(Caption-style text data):
::::::::

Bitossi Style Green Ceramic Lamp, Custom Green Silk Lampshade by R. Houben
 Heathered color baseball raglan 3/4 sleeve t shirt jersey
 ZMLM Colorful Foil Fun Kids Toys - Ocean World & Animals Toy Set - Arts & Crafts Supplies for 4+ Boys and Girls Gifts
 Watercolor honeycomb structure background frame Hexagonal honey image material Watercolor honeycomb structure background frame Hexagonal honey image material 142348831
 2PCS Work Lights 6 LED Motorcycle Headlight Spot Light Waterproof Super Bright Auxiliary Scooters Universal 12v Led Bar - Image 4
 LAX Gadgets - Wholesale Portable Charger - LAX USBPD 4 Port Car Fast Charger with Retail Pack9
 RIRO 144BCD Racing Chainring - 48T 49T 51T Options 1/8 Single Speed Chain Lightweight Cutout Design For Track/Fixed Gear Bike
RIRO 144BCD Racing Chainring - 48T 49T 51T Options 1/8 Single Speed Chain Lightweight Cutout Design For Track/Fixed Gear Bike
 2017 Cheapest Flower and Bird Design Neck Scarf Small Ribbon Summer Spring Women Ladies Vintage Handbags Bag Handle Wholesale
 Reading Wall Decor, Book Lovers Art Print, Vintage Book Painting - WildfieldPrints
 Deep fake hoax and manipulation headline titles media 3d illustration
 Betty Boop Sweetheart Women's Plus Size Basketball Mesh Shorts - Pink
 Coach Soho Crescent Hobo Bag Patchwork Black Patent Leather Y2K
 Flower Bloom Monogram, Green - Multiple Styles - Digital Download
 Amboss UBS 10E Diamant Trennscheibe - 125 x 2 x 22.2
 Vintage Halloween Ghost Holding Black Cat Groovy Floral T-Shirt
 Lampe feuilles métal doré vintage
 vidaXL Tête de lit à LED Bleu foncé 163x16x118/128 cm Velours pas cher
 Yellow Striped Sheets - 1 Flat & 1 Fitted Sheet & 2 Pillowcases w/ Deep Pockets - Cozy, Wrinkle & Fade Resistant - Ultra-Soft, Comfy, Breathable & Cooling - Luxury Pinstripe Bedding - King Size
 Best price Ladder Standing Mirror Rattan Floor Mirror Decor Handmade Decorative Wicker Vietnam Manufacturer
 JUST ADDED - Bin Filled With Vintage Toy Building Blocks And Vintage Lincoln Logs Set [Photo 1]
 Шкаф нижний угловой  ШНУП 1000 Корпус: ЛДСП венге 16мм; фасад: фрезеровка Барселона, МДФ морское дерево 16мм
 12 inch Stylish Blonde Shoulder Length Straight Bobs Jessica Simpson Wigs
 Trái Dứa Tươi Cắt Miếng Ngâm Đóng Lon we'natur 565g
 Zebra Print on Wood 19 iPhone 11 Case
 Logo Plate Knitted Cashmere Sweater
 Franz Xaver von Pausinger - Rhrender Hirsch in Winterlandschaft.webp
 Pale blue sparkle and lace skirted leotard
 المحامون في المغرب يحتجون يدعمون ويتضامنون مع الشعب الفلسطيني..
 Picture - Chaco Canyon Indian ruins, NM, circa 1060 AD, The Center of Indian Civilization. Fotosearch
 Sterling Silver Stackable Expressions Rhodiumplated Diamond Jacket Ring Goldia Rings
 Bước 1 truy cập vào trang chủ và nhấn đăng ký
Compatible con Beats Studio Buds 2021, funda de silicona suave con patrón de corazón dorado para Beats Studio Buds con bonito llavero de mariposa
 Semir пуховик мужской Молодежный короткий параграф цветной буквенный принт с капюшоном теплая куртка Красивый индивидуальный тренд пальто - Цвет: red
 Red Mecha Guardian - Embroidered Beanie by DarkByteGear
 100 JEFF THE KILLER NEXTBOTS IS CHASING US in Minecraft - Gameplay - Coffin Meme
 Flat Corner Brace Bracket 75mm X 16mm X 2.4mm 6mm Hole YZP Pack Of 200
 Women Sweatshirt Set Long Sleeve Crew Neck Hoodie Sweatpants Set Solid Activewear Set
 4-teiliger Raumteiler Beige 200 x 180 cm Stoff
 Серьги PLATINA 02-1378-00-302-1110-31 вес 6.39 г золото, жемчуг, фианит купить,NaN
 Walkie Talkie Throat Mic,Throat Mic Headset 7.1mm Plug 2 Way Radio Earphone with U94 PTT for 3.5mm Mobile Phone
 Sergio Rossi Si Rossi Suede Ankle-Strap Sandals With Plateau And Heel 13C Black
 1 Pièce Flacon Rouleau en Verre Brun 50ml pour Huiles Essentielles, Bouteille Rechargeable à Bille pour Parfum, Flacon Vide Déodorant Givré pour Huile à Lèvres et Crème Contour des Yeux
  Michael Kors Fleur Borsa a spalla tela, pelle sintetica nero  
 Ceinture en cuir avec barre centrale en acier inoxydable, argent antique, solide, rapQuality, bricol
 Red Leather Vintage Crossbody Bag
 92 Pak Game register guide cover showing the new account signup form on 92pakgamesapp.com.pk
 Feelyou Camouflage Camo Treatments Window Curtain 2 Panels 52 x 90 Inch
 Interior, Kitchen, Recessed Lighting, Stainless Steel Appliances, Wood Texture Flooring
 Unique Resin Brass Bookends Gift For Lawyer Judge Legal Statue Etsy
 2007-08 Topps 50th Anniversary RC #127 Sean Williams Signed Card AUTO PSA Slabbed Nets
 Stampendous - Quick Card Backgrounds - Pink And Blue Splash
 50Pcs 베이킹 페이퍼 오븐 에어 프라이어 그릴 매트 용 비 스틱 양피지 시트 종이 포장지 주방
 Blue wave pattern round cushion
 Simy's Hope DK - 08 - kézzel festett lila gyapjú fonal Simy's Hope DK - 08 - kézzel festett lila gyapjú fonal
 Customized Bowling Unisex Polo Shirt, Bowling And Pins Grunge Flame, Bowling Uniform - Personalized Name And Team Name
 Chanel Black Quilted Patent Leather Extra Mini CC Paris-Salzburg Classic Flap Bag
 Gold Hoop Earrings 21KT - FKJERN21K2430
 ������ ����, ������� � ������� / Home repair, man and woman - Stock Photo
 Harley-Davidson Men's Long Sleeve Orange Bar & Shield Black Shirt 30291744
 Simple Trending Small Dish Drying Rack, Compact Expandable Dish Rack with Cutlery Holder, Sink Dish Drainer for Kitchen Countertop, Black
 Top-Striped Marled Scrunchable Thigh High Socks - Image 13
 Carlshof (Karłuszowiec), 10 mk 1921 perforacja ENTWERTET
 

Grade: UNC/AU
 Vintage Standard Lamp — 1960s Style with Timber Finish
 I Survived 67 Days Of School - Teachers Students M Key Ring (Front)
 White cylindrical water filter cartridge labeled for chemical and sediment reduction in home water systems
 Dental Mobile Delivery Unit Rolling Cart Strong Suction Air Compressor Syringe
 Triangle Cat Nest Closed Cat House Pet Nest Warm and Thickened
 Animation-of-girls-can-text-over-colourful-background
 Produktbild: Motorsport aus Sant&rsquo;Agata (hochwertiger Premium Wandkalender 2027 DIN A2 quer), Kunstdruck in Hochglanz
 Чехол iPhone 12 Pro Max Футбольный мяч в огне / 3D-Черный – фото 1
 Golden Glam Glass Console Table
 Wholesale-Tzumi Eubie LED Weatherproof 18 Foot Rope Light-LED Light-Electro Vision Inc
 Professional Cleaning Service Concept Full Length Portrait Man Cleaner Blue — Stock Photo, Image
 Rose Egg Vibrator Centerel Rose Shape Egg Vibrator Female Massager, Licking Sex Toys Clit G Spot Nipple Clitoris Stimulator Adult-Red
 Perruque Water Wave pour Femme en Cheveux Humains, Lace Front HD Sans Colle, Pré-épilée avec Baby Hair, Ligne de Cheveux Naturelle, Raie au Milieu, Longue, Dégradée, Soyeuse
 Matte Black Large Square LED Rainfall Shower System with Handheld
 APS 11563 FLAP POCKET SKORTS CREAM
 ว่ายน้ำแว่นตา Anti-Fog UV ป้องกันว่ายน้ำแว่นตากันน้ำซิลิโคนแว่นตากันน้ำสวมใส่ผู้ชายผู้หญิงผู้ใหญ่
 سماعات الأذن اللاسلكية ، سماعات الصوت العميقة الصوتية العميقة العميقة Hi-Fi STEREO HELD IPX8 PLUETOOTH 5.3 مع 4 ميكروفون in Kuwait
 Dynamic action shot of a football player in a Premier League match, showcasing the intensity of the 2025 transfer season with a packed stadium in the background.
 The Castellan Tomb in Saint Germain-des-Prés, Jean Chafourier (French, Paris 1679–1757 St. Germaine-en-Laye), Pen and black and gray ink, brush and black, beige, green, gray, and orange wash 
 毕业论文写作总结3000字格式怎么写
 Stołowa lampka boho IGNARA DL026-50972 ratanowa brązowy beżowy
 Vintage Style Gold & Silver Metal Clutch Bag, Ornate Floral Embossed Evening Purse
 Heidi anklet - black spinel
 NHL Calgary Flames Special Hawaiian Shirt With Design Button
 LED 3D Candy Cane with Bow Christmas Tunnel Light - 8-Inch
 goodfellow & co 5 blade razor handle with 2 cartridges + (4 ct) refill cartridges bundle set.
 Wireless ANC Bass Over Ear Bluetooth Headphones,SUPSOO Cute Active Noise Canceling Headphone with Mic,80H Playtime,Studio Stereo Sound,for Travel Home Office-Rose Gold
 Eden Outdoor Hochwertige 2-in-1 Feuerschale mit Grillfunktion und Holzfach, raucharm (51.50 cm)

::::::::

(What to produce):
Within the data above, the span starting at the line containing "Vintage Halloween Ghost" and ending at the line containing "المحامون في المغرب" is to be retyped exactly, with no other lines.

(Answer space):
 Vintage Halloween Ghost Holding Black Cat Groovy Floral T-Shirt
 Lampe feuilles métal doré vintage
 vidaXL Tête de lit à LED Bleu foncé 163x16x118/128 cm Velours pas cher
 Yellow Striped Sheets - 1 Flat & 1 Fitted Sheet & 2 Pillowcases w/ Deep Pockets - Cozy, Wrinkle & Fade Resistant - Ultra-Soft, Comfy, Breathable & Cooling - Luxury Pinstripe Bedding - King Size
 Best price Ladder Standing Mirror Rattan Floor Mirror Decor Handmade Decorative Wicker Vietnam Manufacturer
 JUST ADDED - Bin Filled With Vintage Toy Building Blocks And Vintage Lincoln Logs Set [Photo 1]
 Шкаф нижний угловой  ШНУП 1000 Корпус: ЛДСП венге 16мм; фасад: фрезеровка Барселона, МДФ морское дерево 16мм
 12 inch Stylish Blonde Shoulder Length Straight Bobs Jessica Simpson Wigs
 Trái Dứa Tươi Cắt Miếng Ngâm Đóng Lon we'natur 565g
 Zebra Print on Wood 19 iPhone 11 Case
 Logo Plate Knitted Cashmere Sweater
 Franz Xaver von Pausinger - Rhrender Hirsch in Winterlandschaft.webp
 Pale blue sparkle and lace skirted leotard
 المحامون في المغرب يحتجون يدعمون ويتضامنون مع الشعب الفلسطيني..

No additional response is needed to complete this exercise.